Table 6 provides the Weibull modulus and the characteristic crushing strength corresponding to a 37% survival probability for the different aggregates. As the aggregate particle size increased from 4.75–9.5 mm to 9.5–13.2 mm, the characteristic compressive strength and Weibull modulus for the three types of aggregates in the four-point crushing tests showed minimal changes, indicating low sensitivity to variations in particle size.
The stress states and failure modes of aggregate particles differed between the two-point and four-point crushing tests. Compared to the two-point crushing test, the characteristic crushing strength in the four-point crushing test showed a significant decrease, with a reduction ranging from 20% to 40%, indicating that the stress conditions in the four-point crushing test were more demanding. Overall, the characteristic crushing strengths and Weibull modulus for the four-point crushing tests across different particle sizes were more similar, tending toward a certain value. This suggested that the four-point crushing test was more suitable for evaluating the crushing strength of aggregates with different particle sizes, as it reduced the influence of particle size. Additionally, whether in the two-point or four-point crushing tests, the Weibull modulus for the crushing strength of particles of different sizes for all three aggregates fail within the range of 2.0–3.0. This indicated a relatively dispersed distribution of aggregate crushing strength. The particle size and the number of contact points had a significant influence on the crushing strength.
A comparison of the Weibull modulus for these three types of aggregate (
Table 5 and
Table 6) revealed that the m values for slate generally ranged from 2.14 to 2.79 across different particle sizes and loading methods. This range partially overlapped with those of limestone (2.04–2.72) and basalt (2.43–2.53) but exhibited a broader variation. This indicated that the dispersion of single-particle crushing strength for slate was at a moderate level, yet its variability is more sensitive to different conditions, such as changes in particle size.
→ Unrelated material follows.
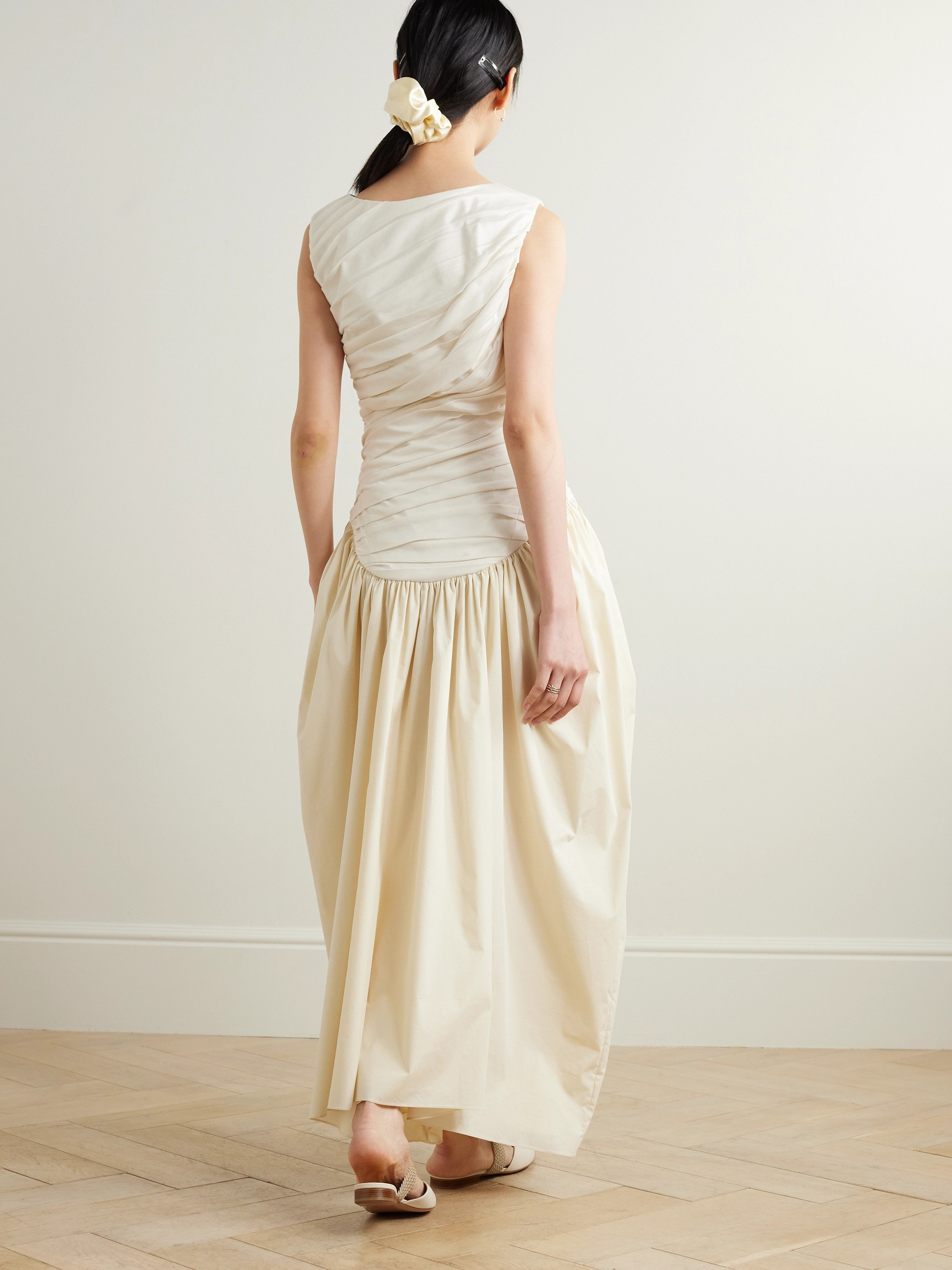 Abadia Ora gathered TENCEL™ Lyocell and cotton-blend poplin and jersey midi dress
A similar Weibull modulus indicates that the tested slate aggregate had a similar variability in the single-particle strength when compared with limestone and basalt.
3.3. Coarse Aggregate Compaction Crushing Test
Table 7 presents the results of the crushing resistance tests for single-sized coarse aggregates (9.5–13.2 mm) during compaction. After 75 blows on one side using the Marshall compactor, significant crushing was observed for all aggregate types. For instance, the particle size distribution of limestone aggregates in the 9.5–13.2 mm range was 65.8%, indicating that nearly 34% of the 9.5–13.2 mm aggregate particles were crushed into smaller aggregates. In contrast, the distributions for basalt and slate aggregates in the same size range were 80.6% and 81.0%, respectively, indicating that approximately 20% of the 9.5–13.2 mm aggregate particles were crushed into smaller aggregates. After 75 Marshall compaction blows, limestone aggregates exhibited higher proportions in all smaller particle size ranges compared to basalt and slate aggregates, while the particle size distributions of slate aggregates closely resembled those of basalt.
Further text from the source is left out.